(THE DATA)

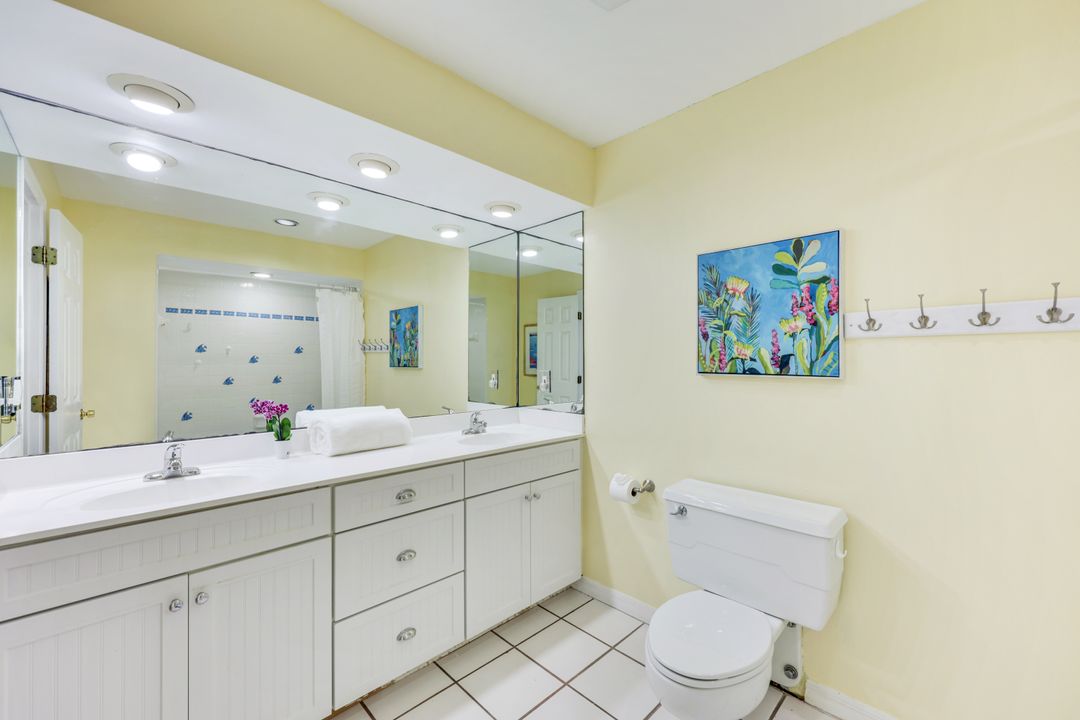 131 Cajeput Dr, Naples, FL 34108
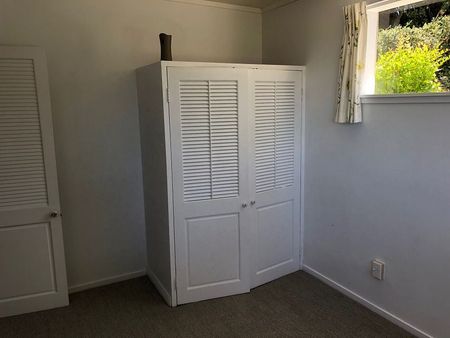 Self Contained Cozy Cottage - Photo 4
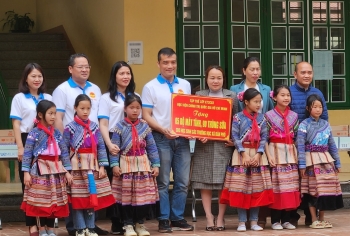 Trao tặng máy tính cho 3 trường học tại Lào Cai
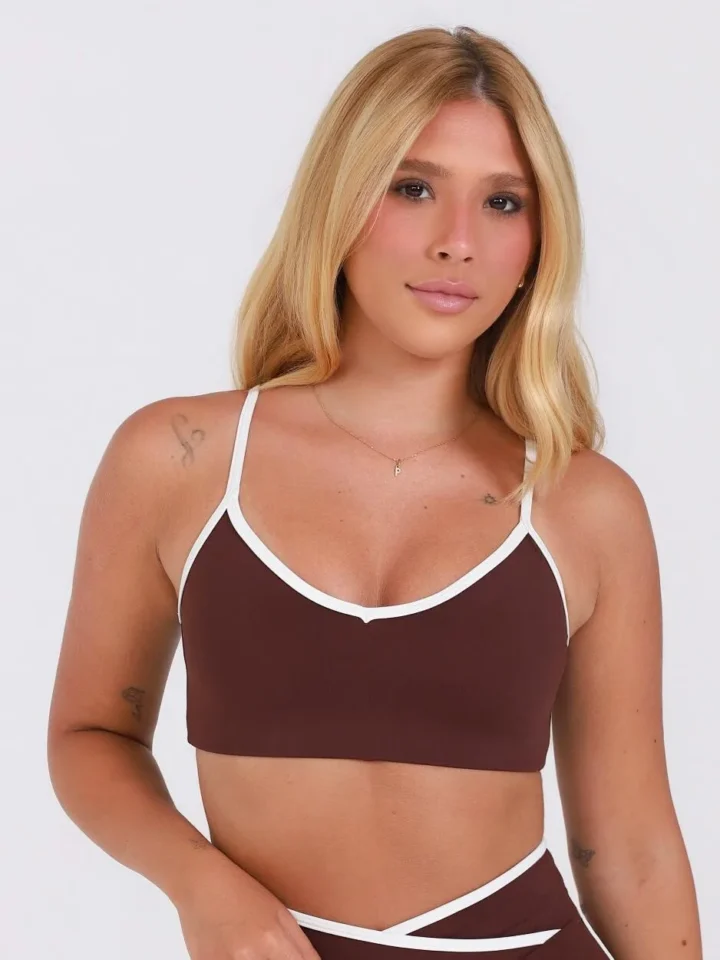 Top Contrast Espresso Com Off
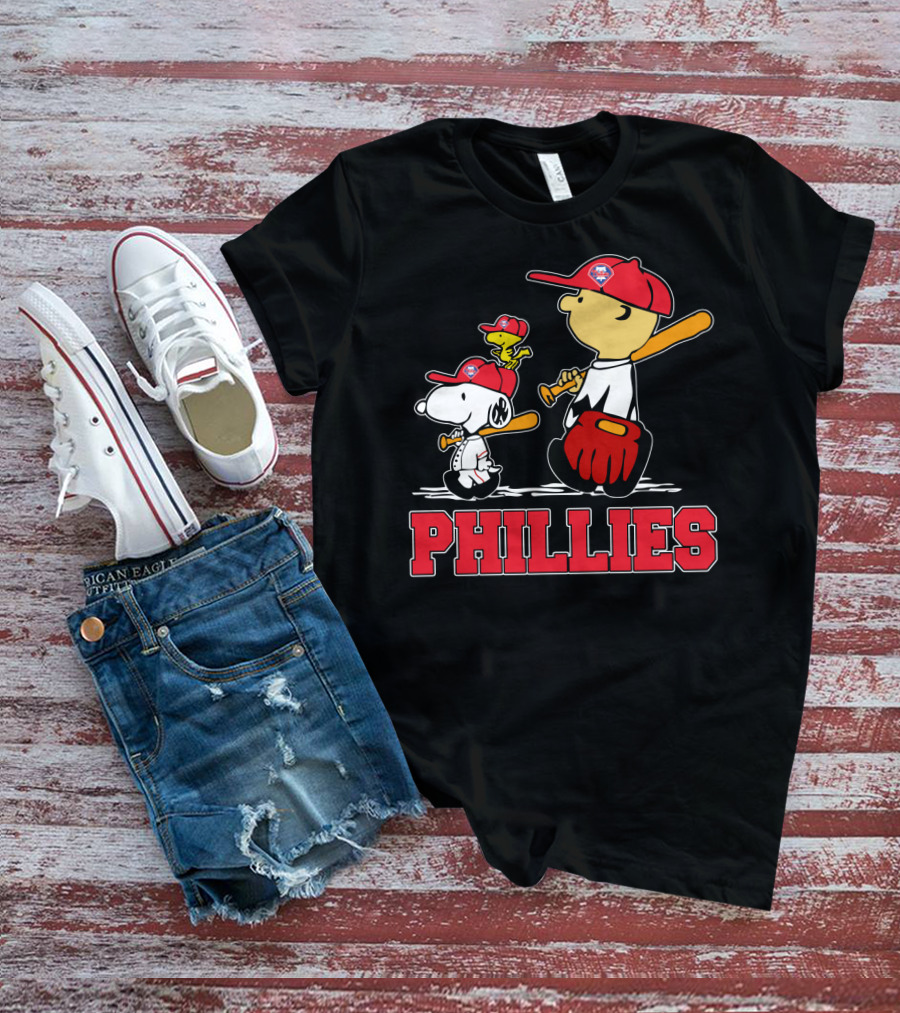 Snoopy Woodstock Phillies Baseball Fans T-Shirt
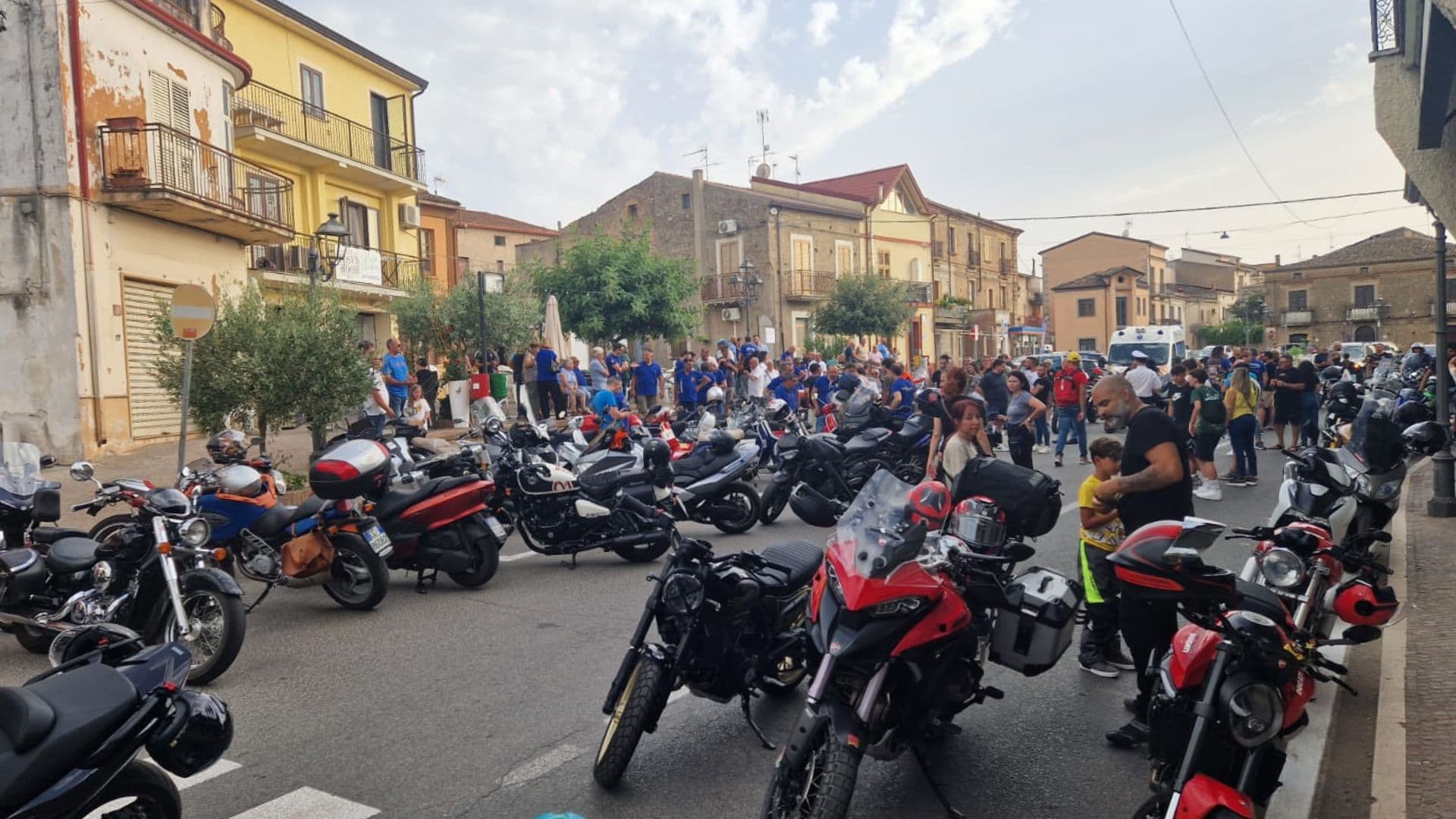 Passione a due ruote: successo a Terranova da Sibari per la 2^ edizione del "Vespa Moto"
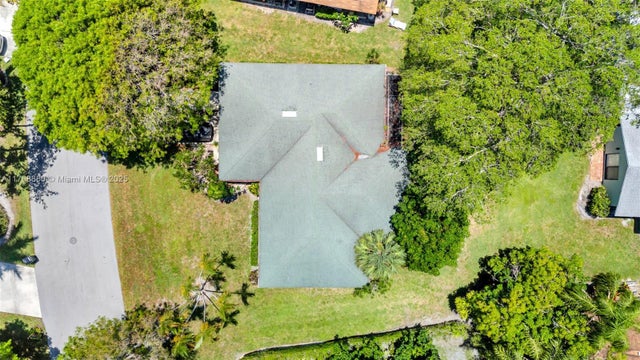 3 of 27 - 766 Nw 24th Ave, Delray Beach, FL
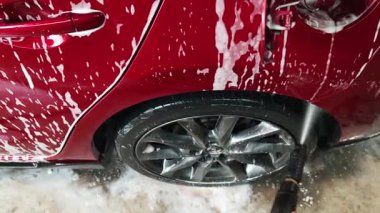 Lüks köpük spreyli kaliteli araba yıkama ve kusursuz bir son için yüksek basınçlı teknikler.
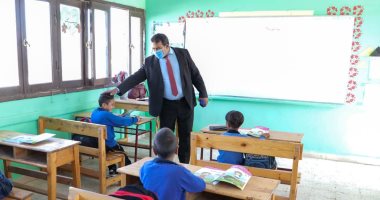 إحالة مدير مدرسة ومعلم بالوادى الجديد للتحقيق لتقصيرهما فى العمل.. صور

(End THE DATA)

* _WORK REQUIRED_
Copy out all of the entries exactly as they stand, with no pictures in your copy.

* _OUTPUT OF THE TASK_
 131 Cajeput Dr, Naples, FL 34108
 Self Contained Cozy Cottage - Photo 4
 Trao tặng máy tính cho 3 trường học tại Lào Cai
 Top Contrast Espresso Com Off
 Snoopy Woodstock Phillies Baseball Fans T-Shirt
 Passione a due ruote: successo a Terranova da Sibari per la 2^ edizione del "Vespa Moto"
 3 of 27 - 766 Nw 24th Ave, Delray Beach, FL
 Lüks köpük spreyli kaliteli araba yıkama ve kusursuz bir son için yüksek basınçlı teknikler.
 إحالة مدير مدرسة ومعلم بالوادى الجديد للتحقيق لتقصيرهما فى العمل.. صور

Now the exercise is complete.